C’était… comment dire… comme une baguette de pain de nos jour, mais de moitié plus courte, et d’un diamètre beaucoup plus petit. La boulangère la sortait encore chaude du four, la coupait en deux, et j’y glissais deux petites barres de chocolat praliné, qui s’appelaient des Malakoff.
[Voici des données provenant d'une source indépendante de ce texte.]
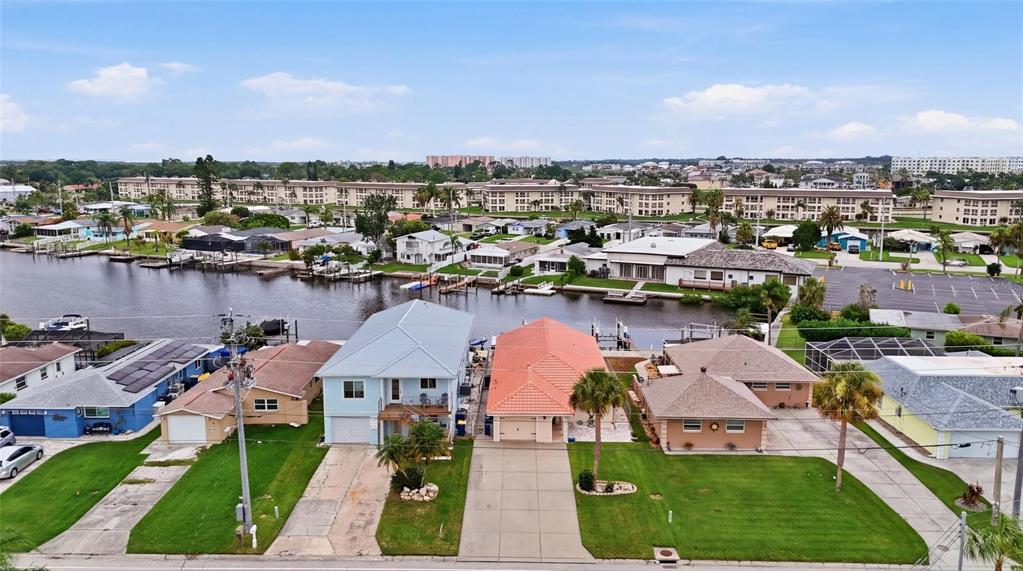 An aerial view shows several waterfront houses with driveways and lawns along a canal — 4549 TOPSAIL TRAIL, NEW PORT RICHEY, FL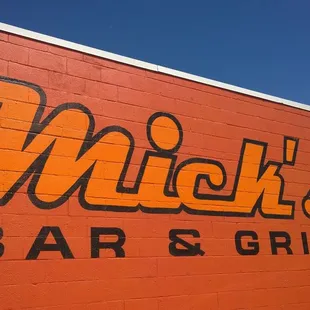a brick wall with the name of a bar and grill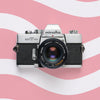 Minolta SRT 101 35mm film camera on a pink and white wavy background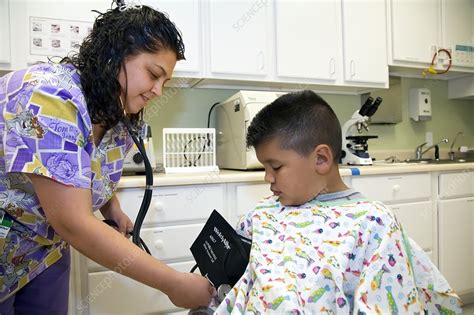 Measuring A Childs Blood Pressure Stock Image C0205002 Science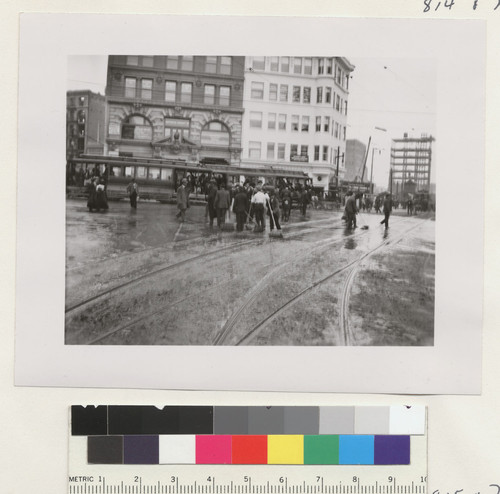 [Street cleaning scene. Market St.?]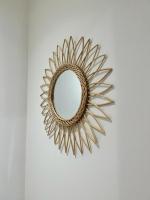 a gold sunburst mirror hanging on a wall at Bienvenue chez Tom in Lamballe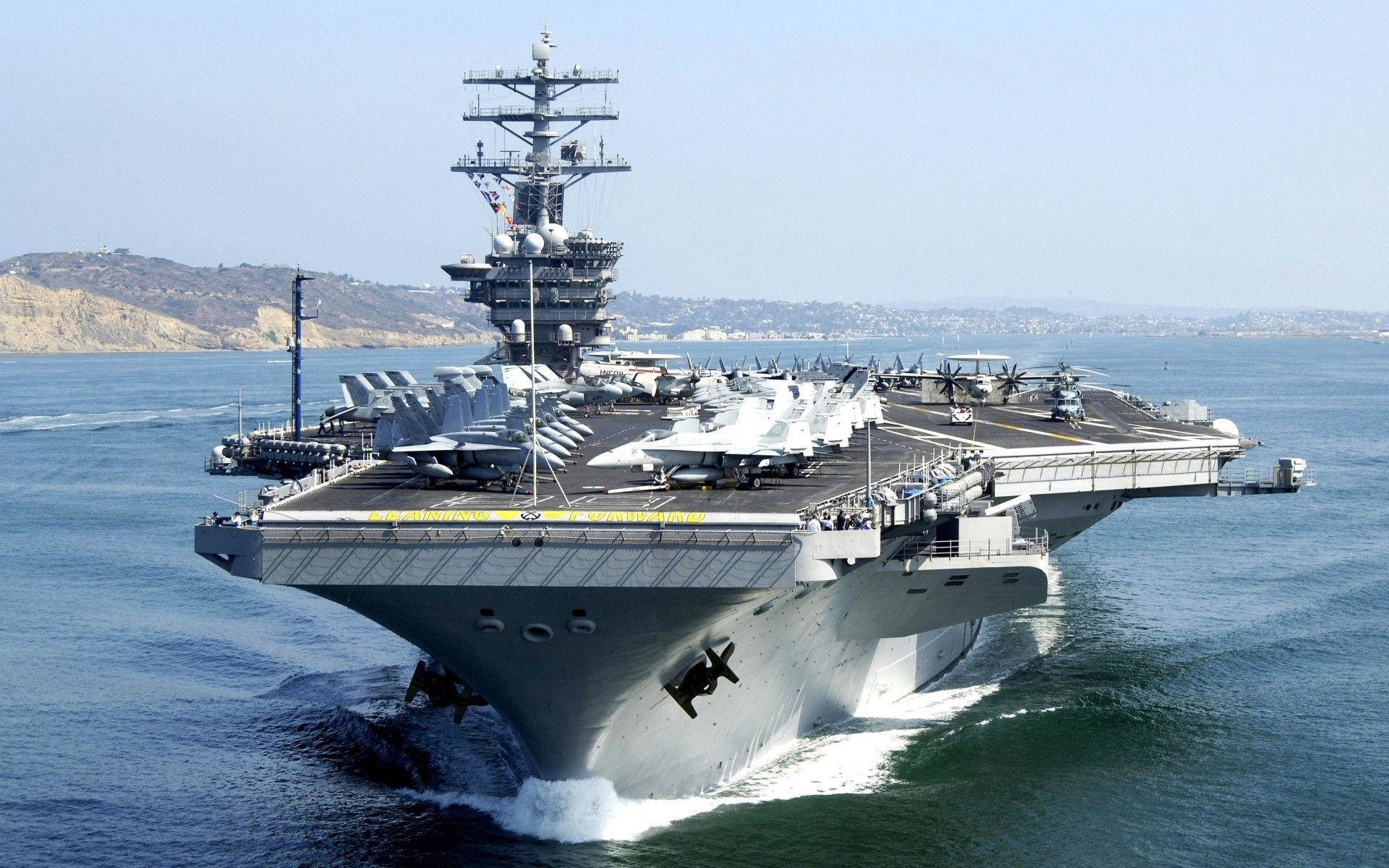 美國海軍航空母艦滿載飛機 壁紙 — 一艘巨大的灰色航空母艦在藍色海洋中航行，戰鬥機整齊排列在甲板上，天空晴朗。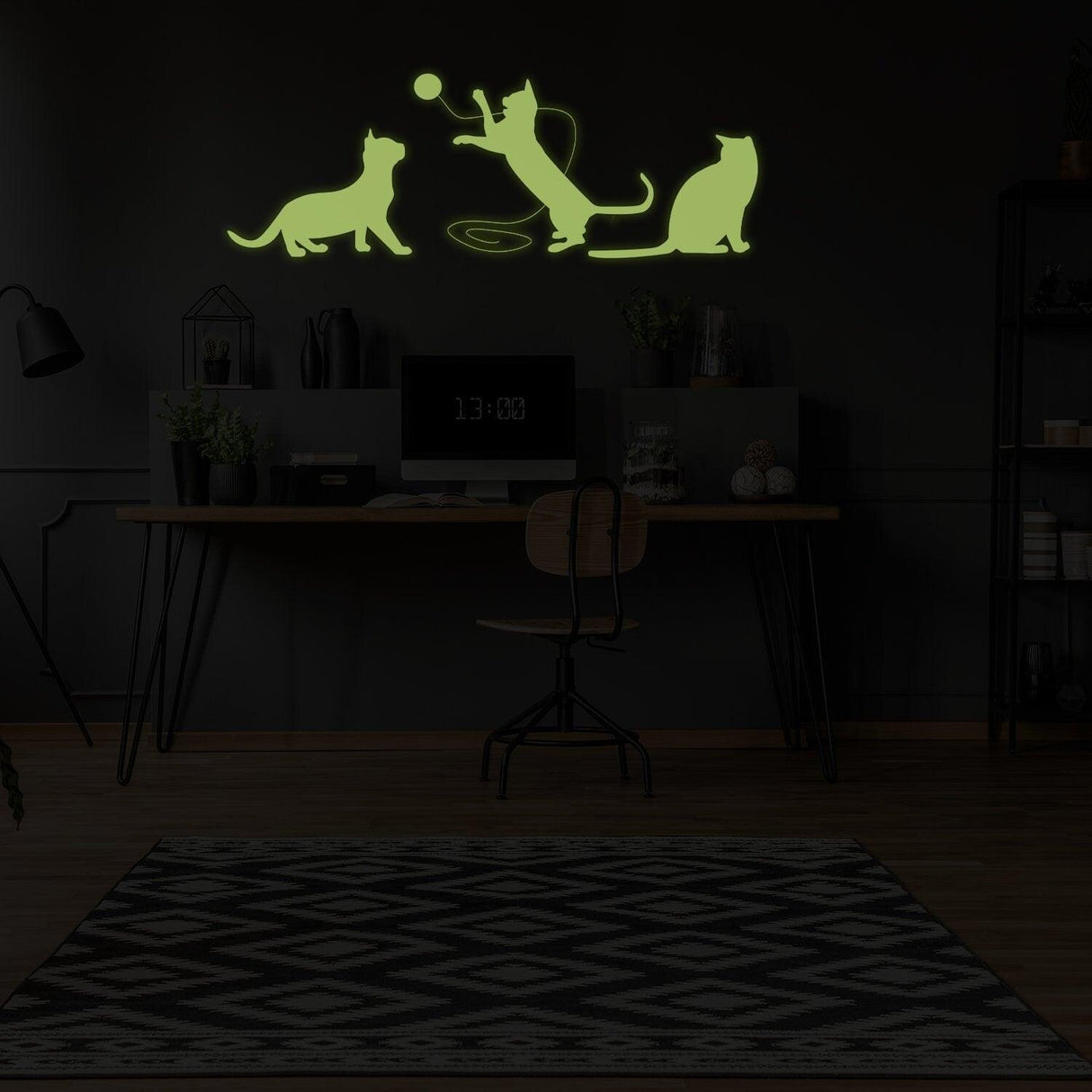 Glow in dark vinyl wall sticker of playful cats in a cozy room setting, adding whimsical charm to any space.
C’était….un vrai délice.

Mais, mon propos du jour n’est pas de parler viennoiseries.

Tout le monde à Lyon connait le funiculaire (qui à Lyon se prononce féniculaire), ce tram monté sur crémaillère et tracté par un câble d’acier que tout bon Lyonnais appelle ‘’la Ficelle’’.

On connait tous celle de Saint-Jean.

Généralement tous les féniculaires se composaient de deux voitures à châssis métallique et caisse en bois d’une masse de 10 tonnes et fabriquées par les chantiers de La Buire.

La première voiture était réservée pour les premières classes, la deuxième pour les secondes classes.

A ce tandem s’ajoutait un troisième wagon, un truck à plateau pour le transport de marchandises, charrettes, vélos et même d’attelages de chevaux. En période d’affluence, les voyageurs pouvaient les utiliser.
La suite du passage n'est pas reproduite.